BDB zeichnet Nachwuchs im Planen und Bauen aus

Student:innen-Förderpreis 2026 würdigt Arbeiten zum Thema Wasser


Die Siegerinnen 2026, Quelle: Gerlinde Wolf
Die Siegerinnen 2026, Quelle: Gerlinde Wolf

Im Rahmen des HCU x BDB-Dialogs 2026 in Hamburg hat der Bund Deutscher Baumeister, Architekten und Ingenieure (BDB) die Preisträgerinnen und Preisträger seines 24. Student:innen-Förderpreises ausgezeichnet. Der traditionsreiche Wettbewerb stand in diesem Jahr unter dem Leitthema „Mit dem Wasser planen und bauen“ und rückte damit eine der zentralen Herausforderungen der Gegenwart in den Fokus.

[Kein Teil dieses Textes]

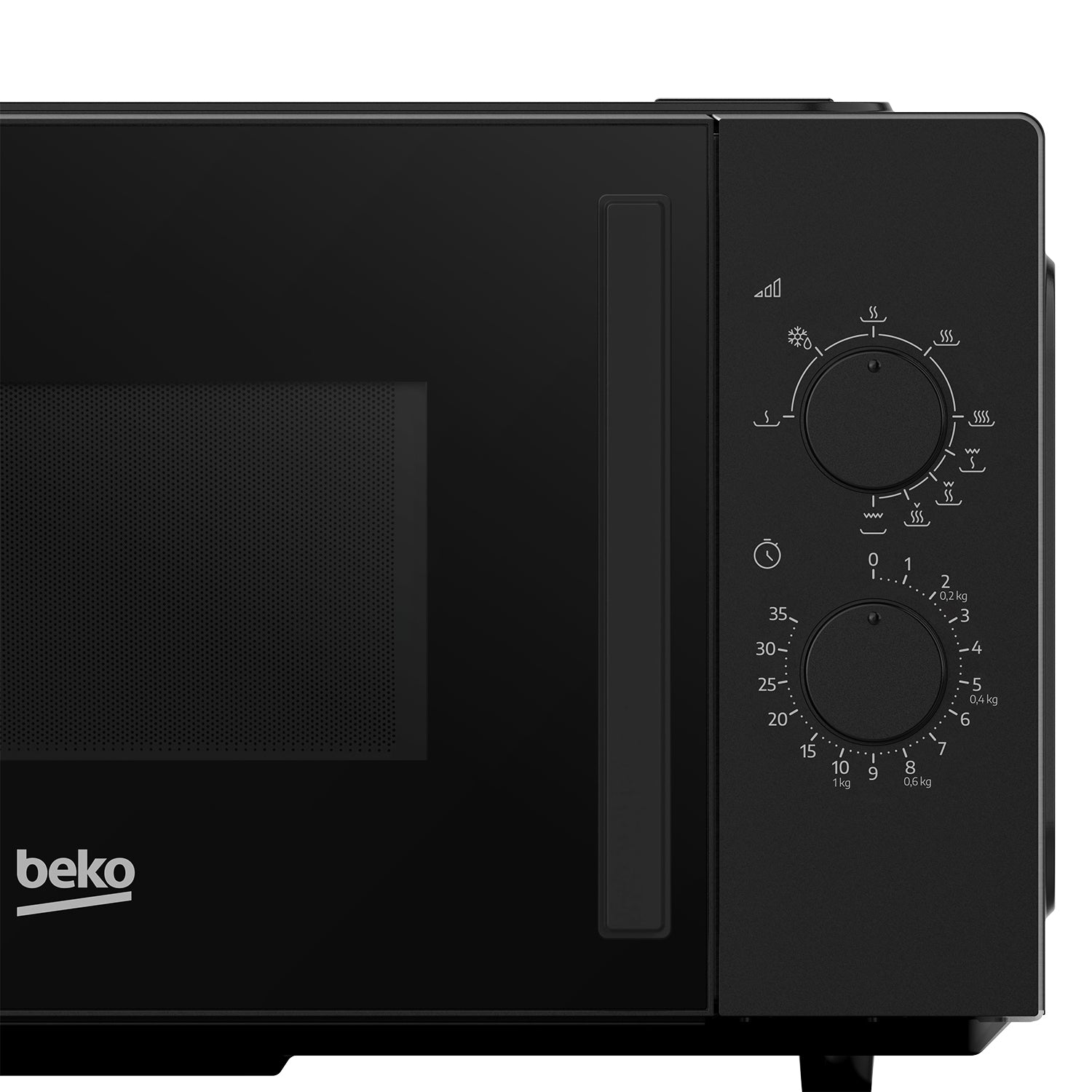BEKO - Forno Microonde con Grill Nero MGF23300B2 23 litri 800 Watt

Mehr als 150 Beiträge von über 60 Universitäten und Hochschulen aus Deutschland, Österreich und der Schweiz wurden eingereicht. Sie beschäftigten sich mit Fragen rund um Klimawandel, Wasserknappheit, Hochwasserschutz sowie neue Infrastrukturen und zeigten die hohe Relevanz des Themas für die Planungsdisziplinen. Insgesamt vergab der BDB drei Preise, zwei Sonderpreise und zwei Anerkennungen. Der Förderpreis ist mit insgesamt 5.200 Euro dotiert.


Alicia Meier, TU Delft „Can Aigua“
Alicia Meier, TU Delft „Can Aigua“

Auszeichnungen in den Kategorien

Im Bereich Gebäude wurde Alicia Meier von der TU Delft für ihre Masterarbeit „Can Aigua“ ausgezeichnet. Ihr Entwurf eines Badehauses auf Mallorca interpretiert Architektur als ein schwammartiges System, das Wasser aufnimmt, speichert und in soziale sowie ökologische Zusammenhänge integriert.

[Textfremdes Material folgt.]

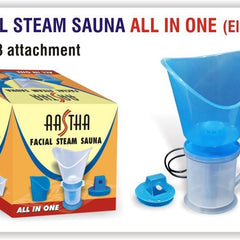 AASTHA Steam Vaporizer Facial Sauna Steamer, For Multipurpose Use, Capacity: 500 Ml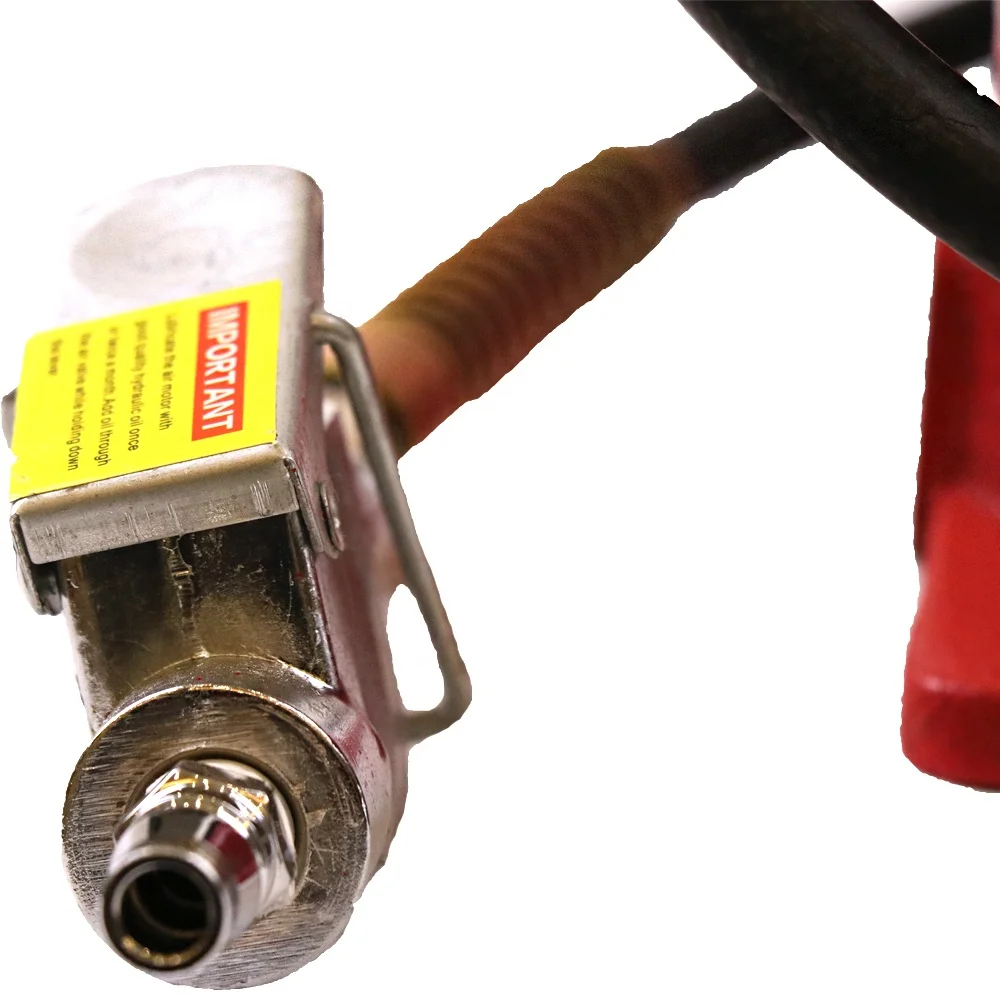 2022 China Manufacturer Custom Wholesale CE/GS 20T Vehicle Repair Hoisting Manual Hydraulic Pneumatic Jack Hammer Air Compressor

Im Bereich Ingenieurbau/Konstruktion ging der Förderpreis an Luis Navarro Preuß von der Universität Innsbruck für seine Diplomarbeit „SUFES – symbiotic urban floating energy storage“. Das Projekt entwickelt eine schwimmende Energieinfrastruktur, die Wasser als Speicher für elektrische Energie nutzt und neue Perspektiven auf urbane Infrastrukturen eröffnet.

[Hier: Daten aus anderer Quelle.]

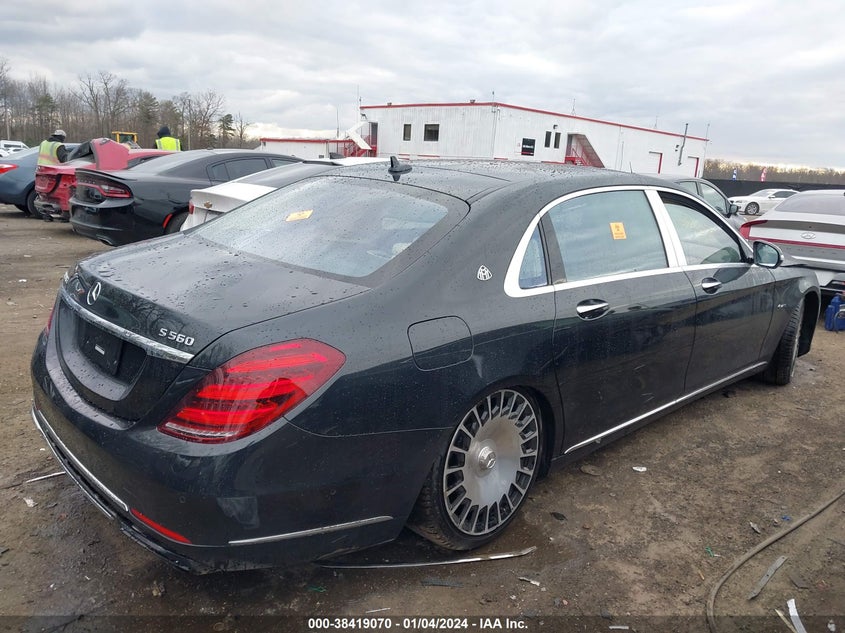 2020 MERCEDES-BENZ MAYBACH S 560 4MATIC - WDDUX8GB4LA518362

Einen Sonderpreis in dieser Kategorie erhielt Linus Starmann von der TU Braunschweig für „boi breem 90.0“. Der Entwurf einer schwimmenden Hafenboje als globaler Containerumschlagplatz verknüpft Fragen von Logistik, Automatisierung und Klimawandel zu einem kritischen Zukunftsszenario.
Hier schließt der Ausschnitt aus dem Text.